▶ WHAT IS REQUIRED
Entries must be copied exactly, with nothing left out.

▶ DATA EXCERPTS
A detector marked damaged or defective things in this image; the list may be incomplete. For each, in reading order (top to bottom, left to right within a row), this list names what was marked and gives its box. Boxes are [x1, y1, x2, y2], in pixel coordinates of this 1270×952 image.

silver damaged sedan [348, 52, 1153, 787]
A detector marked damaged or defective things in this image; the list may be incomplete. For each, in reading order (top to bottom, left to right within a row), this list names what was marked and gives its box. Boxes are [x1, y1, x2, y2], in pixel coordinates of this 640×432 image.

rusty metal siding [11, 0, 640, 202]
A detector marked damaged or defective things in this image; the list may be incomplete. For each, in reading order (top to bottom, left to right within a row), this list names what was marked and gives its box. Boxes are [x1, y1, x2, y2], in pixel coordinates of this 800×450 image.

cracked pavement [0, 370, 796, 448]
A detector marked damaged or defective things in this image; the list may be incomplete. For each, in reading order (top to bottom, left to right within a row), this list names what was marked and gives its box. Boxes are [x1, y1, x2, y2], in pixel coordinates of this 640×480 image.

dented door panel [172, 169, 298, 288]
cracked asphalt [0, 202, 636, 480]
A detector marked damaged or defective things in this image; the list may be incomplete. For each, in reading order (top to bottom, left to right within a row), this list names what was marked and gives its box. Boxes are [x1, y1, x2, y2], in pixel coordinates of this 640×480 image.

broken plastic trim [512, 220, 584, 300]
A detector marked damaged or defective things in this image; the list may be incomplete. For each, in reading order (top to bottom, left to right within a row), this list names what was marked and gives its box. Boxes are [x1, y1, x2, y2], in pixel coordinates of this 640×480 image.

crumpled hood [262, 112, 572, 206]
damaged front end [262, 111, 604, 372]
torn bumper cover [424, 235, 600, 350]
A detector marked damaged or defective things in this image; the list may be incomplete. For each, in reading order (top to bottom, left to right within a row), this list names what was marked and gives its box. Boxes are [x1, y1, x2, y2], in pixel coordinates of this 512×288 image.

▶ RESPONSE AREA
A detector marked damaged or defective things in this image; the list may be incomplete. For each, in reading order (top to bottom, left to right within a row), this list names what was marked and gives its box. Boxes are [x1, y1, x2, y2], in pixel coordinates of this 1270×952 image.

silver damaged sedan [348, 52, 1153, 787]
A detector marked damaged or defective things in this image; the list may be incomplete. For each, in reading order (top to bottom, left to right within a row), this list names what was marked and gives its box. Boxes are [x1, y1, x2, y2], in pixel coordinates of this 640×432 image.

rusty metal siding [11, 0, 640, 202]
A detector marked damaged or defective things in this image; the list may be incomplete. For each, in reading order (top to bottom, left to right within a row), this list names what was marked and gives its box. Boxes are [x1, y1, x2, y2], in pixel coordinates of this 800×450 image.

cracked pavement [0, 370, 796, 448]
A detector marked damaged or defective things in this image; the list may be incomplete. For each, in reading order (top to bottom, left to right within a row), this list names what was marked and gives its box. Boxes are [x1, y1, x2, y2], in pixel coordinates of this 640×480 image.

dented door panel [172, 169, 298, 288]
cracked asphalt [0, 202, 636, 480]
A detector marked damaged or defective things in this image; the list may be incomplete. For each, in reading order (top to bottom, left to right within a row), this list names what was marked and gives its box. Boxes are [x1, y1, x2, y2], in pixel coordinates of this 640×480 image.

broken plastic trim [512, 220, 584, 300]
A detector marked damaged or defective things in this image; the list may be incomplete. For each, in reading order (top to bottom, left to right within a row), this list names what was marked and gives its box. Boxes are [x1, y1, x2, y2], in pixel coordinates of this 640×480 image.

crumpled hood [262, 112, 572, 206]
damaged front end [262, 111, 604, 372]
torn bumper cover [424, 235, 600, 350]
A detector marked damaged or defective things in this image; the list may be incomplete. For each, in reading order (top to bottom, left to right within a row), this list names what was marked and gives its box. Boxes are [x1, y1, x2, y2], in pixel coordinates of this 512×288 image.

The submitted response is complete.